Answer:
a)Total Labor Cost = $600x + $30y.
b) Total variable cost = $3000.
c) Total labor cost last month = $6000.
d) Unit cost of labor per class = $60.
e) Total variable labor cost = $30 * 150 = $4500, Total Labor Cost = $3000 + $4500 = $7500, and Unit cost of labor per class = $7500/150 = $50.
Step-by-step explanation:
a) It is given that the labor cost includes two components: cost of trainers, which is actually their salaries, and cost of a fitness class taught. Fitness trainer costs $600 and one fitness class costs $30. Assuming there are x number of trainers and y number of classes, therefore the model can be expressed as:
Total Labor Cost = Fitness Trainer Cost * number of trainers + Fitness Class Cost * number of classes.
Total Labor Cost = $600x + $30y.
b) The total variable labor cost will be the cost spent on the number of classes.

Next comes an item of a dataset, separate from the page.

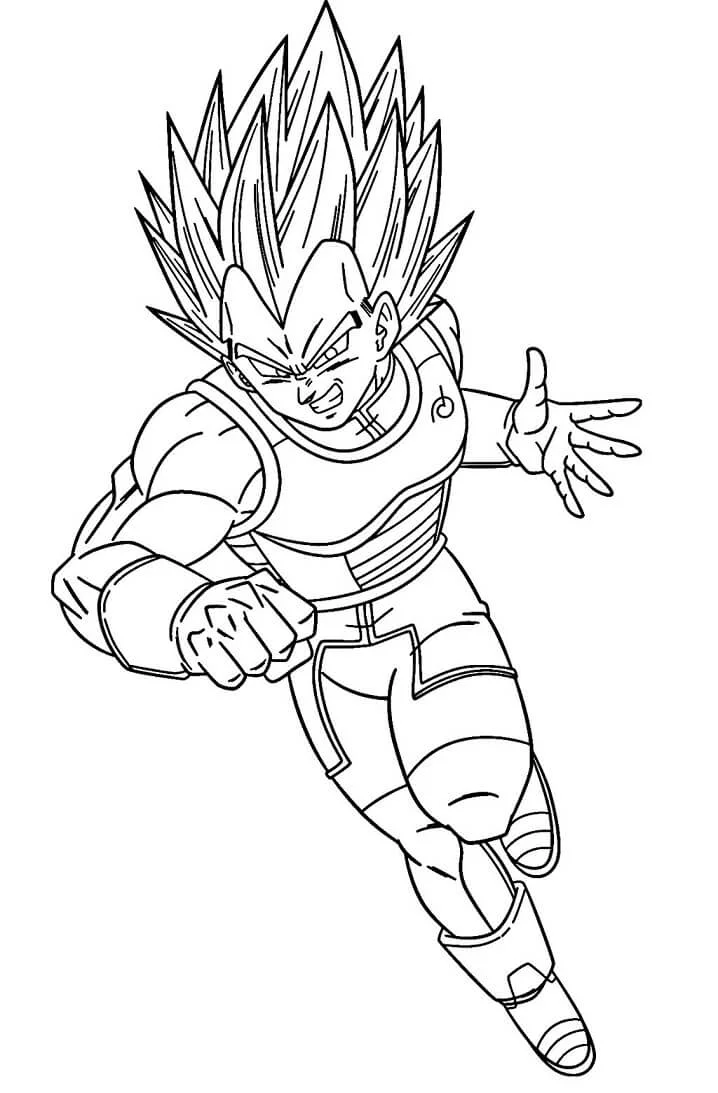 Tô Màu Vegeta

Since number of classes are 100 and the cost of one class is $30, therefore:
Total variable cost = cost of one class * number of classes.
Total variable cost = $30 * 100.
Total variable cost = $3000.
c) Furthermore, last month, x = 5 and y = 100. Plug these values in the total labor cost equation:
Total labor cost last month = $600(5) + $30(100).
Total labor cost last month = $3000 + $3000.
Total labor cost last month = $6000.
d) The total labor cost is $600. Number of classes are 100. Therefore:
Unit cost of labor per class = Total Labor Cost/Number of classes.
Unit cost of labor per class = $6000/100.
Unit cost of labor per class = $60.
e) If the number of classes are increases by 50%, this means that the number of classes will be 150 instead of 100. Therefore:
Total variable labor cost = $30 * 150 = $4500.
Total Labor Cost = $3000 + $4500 = $7500.
Unit cost of labor per class = $7500/150 = $50!!!